In 1975 he was the focus of an Internal Revenue Service investigation, which examined in particular a print shop operated by the hospitals that had produced a large volume of political campaign materials for candidates Cella supported. Cella also had failed to file a personal income tax statement for three years.

Orange County Dist. Atty. Cecil Hicks launched a separate probe to determine whether Medicare and Medi-Cal funds were used to subsidize the political printing operation.

In January 1976, Cella and three associates were indicted on 171 felony counts alleging misuse of about $2 million diverted from the hospitals for political and personal purposes. In June of that year, Cella was convicted in federal court on 22 counts of conspiracy, tax evasion and Medicare fraud and given a five-year prison term.

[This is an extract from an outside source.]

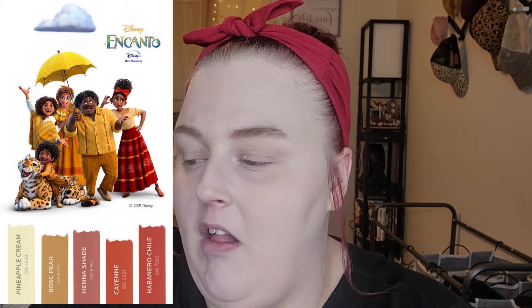I pulled up this picture with five colors incorporated into Peppa's family color palette. The five colors we're looking at are Pineapple Cream, Bosque Pear, Henna Shade, Cyan, and Habanero Chili. I went through my makeup collection — I'm not doing a character-inspired look, just a look based off the color palette of the family, where all the colors are going to be something I've incorporated from this swatch.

In 1978, on the eve of his state trial, he pleaded guilty to 10 felony counts. He was ordered to pay a $50,000 fine and sentenced to two state prison terms to run concurrently with the federal sentence.

The Cella case unfolded during a tumultuous era in Orange County politics in the 1970s, when more than 40 public officials and their aides were indicted. Among them were three county supervisors who were recipients of Cella’s largesse: Robert W. Battin, who was convicted for using his county staff to support an unsuccessful 1974 campaign for lieutenant governor; Ralph A. Diedrich, who was found guilty of bribery and conspiracy to commit bribery; and Philip L. Anthony, who was convicted of laundering campaign funds.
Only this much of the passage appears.